Karabakh, which is an unrecognised republic ruled by Armenians, has been
largely peaceful since 1994, when a ceasefire was signed with Baku. 

But Sarkisian, of the government’s religion department, said it was
important to remember that a peace deal had still not been signed, and
that preserving national unity was important.

“We often forget that we live in a state of war. Therefore the
religious organisations have to account for the arrival and departure of
people they invite. Besides the activities of some religious
organisations have not been fully investigated,” he said.

In Nagorny-Karabakh, the refusal of Jehovah’s Witnesses to serve in
the army is particularly contentious, and members of the faith have been
imprisoned for four years for their conscientious objection. Officials
see such opinions as undermining Karabakh’s de facto independence.

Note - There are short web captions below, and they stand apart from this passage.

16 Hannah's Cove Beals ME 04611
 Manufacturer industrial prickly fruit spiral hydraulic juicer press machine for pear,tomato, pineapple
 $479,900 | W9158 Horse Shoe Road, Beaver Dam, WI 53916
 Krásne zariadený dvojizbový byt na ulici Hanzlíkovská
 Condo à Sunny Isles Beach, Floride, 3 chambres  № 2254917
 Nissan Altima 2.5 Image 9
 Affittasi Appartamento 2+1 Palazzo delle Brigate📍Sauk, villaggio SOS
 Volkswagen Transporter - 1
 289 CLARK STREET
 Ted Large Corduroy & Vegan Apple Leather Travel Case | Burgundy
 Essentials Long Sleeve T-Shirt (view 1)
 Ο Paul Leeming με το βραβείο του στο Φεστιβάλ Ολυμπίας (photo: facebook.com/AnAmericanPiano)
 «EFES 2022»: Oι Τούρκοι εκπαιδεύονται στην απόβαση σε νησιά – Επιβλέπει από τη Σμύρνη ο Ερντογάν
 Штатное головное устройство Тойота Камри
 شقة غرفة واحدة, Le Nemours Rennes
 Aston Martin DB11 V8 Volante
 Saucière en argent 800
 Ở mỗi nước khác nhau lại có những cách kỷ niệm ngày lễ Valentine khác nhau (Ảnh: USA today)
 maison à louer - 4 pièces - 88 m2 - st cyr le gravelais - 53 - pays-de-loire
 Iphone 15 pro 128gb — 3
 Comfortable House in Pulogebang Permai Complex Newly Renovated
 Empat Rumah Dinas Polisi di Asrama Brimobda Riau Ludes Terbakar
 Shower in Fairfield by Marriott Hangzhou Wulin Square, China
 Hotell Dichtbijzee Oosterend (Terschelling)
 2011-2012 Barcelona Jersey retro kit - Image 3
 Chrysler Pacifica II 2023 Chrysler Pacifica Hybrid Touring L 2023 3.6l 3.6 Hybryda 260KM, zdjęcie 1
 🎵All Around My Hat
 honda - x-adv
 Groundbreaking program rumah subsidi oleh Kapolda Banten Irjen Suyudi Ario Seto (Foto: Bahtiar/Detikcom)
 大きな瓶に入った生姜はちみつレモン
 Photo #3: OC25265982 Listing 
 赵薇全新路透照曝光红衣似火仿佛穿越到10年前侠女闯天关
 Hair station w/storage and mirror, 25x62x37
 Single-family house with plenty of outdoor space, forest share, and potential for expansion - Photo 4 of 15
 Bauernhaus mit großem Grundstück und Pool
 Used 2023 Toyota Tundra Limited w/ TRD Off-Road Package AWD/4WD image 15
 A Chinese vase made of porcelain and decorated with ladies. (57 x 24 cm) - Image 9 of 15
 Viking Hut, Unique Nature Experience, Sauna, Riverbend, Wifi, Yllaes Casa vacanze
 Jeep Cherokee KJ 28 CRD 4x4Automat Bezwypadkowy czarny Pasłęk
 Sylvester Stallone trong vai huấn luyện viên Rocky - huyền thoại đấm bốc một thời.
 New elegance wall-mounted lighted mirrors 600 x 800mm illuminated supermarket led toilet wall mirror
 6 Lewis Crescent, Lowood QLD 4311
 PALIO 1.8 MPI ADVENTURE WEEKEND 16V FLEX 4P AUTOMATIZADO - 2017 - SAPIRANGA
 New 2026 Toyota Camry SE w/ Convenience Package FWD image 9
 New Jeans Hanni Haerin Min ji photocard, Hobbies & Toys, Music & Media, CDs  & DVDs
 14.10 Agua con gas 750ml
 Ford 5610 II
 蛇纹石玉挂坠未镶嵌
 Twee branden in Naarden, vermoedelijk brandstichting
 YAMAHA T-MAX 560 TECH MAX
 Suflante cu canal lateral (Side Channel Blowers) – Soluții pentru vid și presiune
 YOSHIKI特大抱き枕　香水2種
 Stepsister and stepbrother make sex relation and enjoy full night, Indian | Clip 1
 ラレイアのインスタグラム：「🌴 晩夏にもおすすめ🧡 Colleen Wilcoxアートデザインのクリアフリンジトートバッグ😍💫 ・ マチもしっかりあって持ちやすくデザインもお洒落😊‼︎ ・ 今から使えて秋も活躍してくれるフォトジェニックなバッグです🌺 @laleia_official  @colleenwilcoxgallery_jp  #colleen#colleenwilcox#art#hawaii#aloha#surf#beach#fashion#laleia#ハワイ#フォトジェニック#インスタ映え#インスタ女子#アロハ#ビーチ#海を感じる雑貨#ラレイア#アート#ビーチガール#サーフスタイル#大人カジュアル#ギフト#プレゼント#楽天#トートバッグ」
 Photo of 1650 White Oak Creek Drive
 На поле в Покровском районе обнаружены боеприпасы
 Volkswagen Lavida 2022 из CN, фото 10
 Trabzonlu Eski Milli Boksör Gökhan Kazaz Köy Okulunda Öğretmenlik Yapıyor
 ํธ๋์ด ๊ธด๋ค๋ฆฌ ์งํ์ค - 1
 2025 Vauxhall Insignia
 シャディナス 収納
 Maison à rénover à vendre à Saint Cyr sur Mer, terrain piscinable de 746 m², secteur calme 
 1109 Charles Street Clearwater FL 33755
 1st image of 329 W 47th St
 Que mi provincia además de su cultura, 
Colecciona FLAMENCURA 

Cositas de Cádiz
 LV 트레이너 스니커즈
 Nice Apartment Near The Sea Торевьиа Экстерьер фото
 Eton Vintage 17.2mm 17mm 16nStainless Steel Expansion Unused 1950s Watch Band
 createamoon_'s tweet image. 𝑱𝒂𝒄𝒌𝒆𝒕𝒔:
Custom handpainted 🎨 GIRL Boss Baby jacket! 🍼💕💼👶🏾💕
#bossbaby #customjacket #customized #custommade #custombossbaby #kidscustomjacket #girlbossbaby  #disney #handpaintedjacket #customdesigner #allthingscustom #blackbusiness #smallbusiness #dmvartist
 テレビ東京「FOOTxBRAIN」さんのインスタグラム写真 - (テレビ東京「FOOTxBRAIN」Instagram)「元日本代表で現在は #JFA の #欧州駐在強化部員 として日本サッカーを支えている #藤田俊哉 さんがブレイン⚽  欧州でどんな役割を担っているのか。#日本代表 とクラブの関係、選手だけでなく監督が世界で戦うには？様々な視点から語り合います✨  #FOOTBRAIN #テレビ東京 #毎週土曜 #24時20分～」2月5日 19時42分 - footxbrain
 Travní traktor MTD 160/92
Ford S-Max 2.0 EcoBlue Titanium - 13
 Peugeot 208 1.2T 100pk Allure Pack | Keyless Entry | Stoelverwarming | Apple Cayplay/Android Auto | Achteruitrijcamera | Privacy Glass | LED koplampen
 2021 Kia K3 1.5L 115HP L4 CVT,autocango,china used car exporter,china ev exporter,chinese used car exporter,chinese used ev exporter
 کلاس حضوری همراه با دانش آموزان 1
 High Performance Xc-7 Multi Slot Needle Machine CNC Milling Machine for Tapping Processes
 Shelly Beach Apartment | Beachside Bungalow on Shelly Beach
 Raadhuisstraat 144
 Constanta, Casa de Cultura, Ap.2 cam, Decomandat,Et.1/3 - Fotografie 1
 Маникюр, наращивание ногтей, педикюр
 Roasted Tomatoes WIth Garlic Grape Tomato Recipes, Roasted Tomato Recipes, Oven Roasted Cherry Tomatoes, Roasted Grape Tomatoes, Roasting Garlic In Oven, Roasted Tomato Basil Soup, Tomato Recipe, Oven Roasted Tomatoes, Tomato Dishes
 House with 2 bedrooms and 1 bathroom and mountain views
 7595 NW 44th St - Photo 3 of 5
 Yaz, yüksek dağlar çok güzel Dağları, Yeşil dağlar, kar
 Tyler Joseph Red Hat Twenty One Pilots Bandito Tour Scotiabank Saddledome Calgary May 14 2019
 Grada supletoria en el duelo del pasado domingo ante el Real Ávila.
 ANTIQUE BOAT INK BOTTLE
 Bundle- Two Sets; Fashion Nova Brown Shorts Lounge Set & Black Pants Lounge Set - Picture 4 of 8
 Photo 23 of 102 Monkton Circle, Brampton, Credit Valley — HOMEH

The Armenian Apostolic Church said it understood the state’s concerns,
and welcomed the new law’s insistence on ensuring rival faiths did not
undermine security.

“It would be wonderful if the law was working fully, and all religious
organisations trying to encroach on national security were under the
control of the state. The main aim of the promulgation of this law is to
restrict the work of those organisations, which oppose compulsory
military service,” said Father Hakob Andreasian.

He said the Apostolic Church aimed to preserve the identity of the
Armenian people whereas foreign groups had no such concerns.

“Karabakh is unrecognised by the world community. However, every
religious organisation, financed from external sources, opens a
representative office in Karabakh. They exchange information, make
studies, invite guests and so on,” he said.

Many residents of Karabakh have a similar viewpoint, though often they
are more liberal than the church priests.

“I am not opposed to these organisations existing in general. But I
would prefer it if they returned to the true path,” said Karen
Galstian, a 28-year-old follower of the Apostolic Church.

Lusine Musaelian is Radio Liberty correspondent in Stepanakert.